「モスラ対ゴジラ」(1964)……空のモスラと陸のゴジラ、初の対決

製作国:日本

監督:本多猪四郎

製作:田中友幸

脚本:関沢新一

撮影:小泉一

美術:北猛夫

音楽:伊福部昭

特技・合成:向山宏

特技・撮影:有川貞昌、富岡素敬

特技・美術:渡辺明

特技監督:円谷英二

出演:宝田明、星由里子、小泉博他


 大型台風の影響で、インファント島からモスラの卵が海へ流出、日本へ漂着する。それをハッピー興行社が買い取り、見世物にすることを画策。小美人の「卵を返して」という声にも耳を貸さない。そんな時、干拓地の地中からゴジラが出現。モスラの卵を目指して進撃する。そこに親モスラが飛来し、戦いの火蓋が切って落とされた!

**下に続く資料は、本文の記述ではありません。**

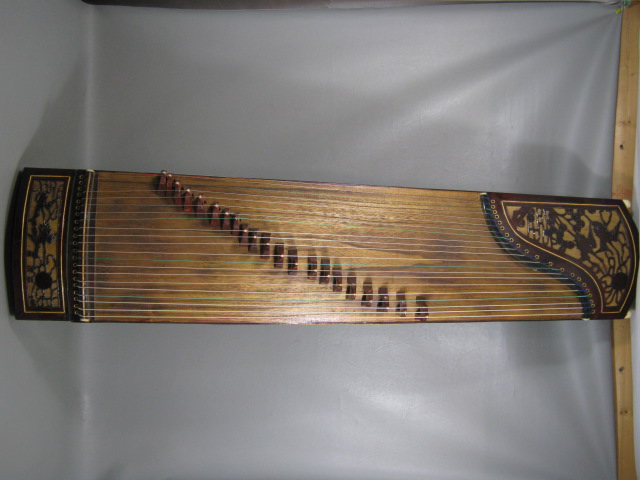 Vtg Antique Guzheng Zither Harp Koto 21 String Wooden Wood Chinese Instrument NR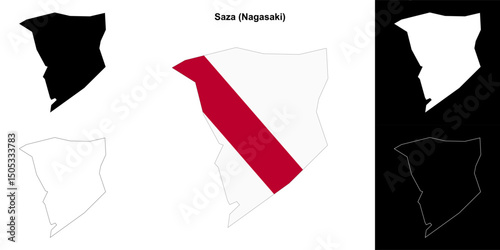 Saza (Naoasaki) outline map set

 「モスラ」の続編として、「ゴジラ」10周年の節目に公開された本作は、前作「キングコング対ゴジラ」に続き、人気怪獣の全面対決を描いている。ただし前作と決定的に異なるのは、着ぐるみ同士の戦いではなく、一方は操演の怪獣であり、陸と空との戦いであることだ。また本作は正義対悪の戦いでもあり、ゴジラを倒すために命をかけて戦う親子モスラの物語でもある。

 前作から守護神のイメージを踏襲しているモスラに対し、ゴジラは完全なヒールであり、破壊をもたらすものとして描かれる。「キンゴジ」とは打って変わって細めのフォルムであるが、モスラを睨めつける時のその悪人面は歴代でも随一のかっこよさ。皮膚のたるみにも生物感が表れている(後半はたるまない)。劇中ではモスラの暴風攻撃に圧倒されてしまうが、地面をのたうち回りながら放射能火炎を吐き散らす様も、悪の魅力にあふれている。ちなみに本作のゴジラは通称「モスゴジ」と呼ばれ、ファンからの人気も篤い。


 一方で善玉たるモスラも新規造形で、目つきが前回よりも柔らかくなっている。卵を守ろうとする母性的な情緒も見受けられる。また前回では軍の攻撃をものともしなかったモスラであるが、今回はゴジラに倒されてしまう。その後、卵から幼虫が孵り、ゴジラとの戦いを繰り広げる。幼虫から成虫になった前作に対し、今回は成虫から幼虫。モスラの登場は二度目だが、その表現は前回とがらりと変えてきているのが見て取れるだろう。そして圧倒的な生命力と破壊力を持つゴジラと、儚く散りながらも生命の再生を繰り返すモスラ。この対比構造も面白く、同じく怪獣対決作品であった「キングコング対ゴジラ」とも全く違った印象の作品となっている。


 また「キングコング対ゴジラ」はかなりコメディに寄った娯楽作で、戦闘シーンもレスリングの如しであったが、本作では円谷英二はリアルな戦いを目指して演出したという。本作から怪獣らしい戦いの演出が確立されてきた感があり、ゴジラシリーズの中でも本作がひとつのターニングポイントと言っても過言ではあるまい。なお、ゴジラとモスラはこれ以降何度も戦うことになるが、円谷英二が演出を手がけているのは本作限りである。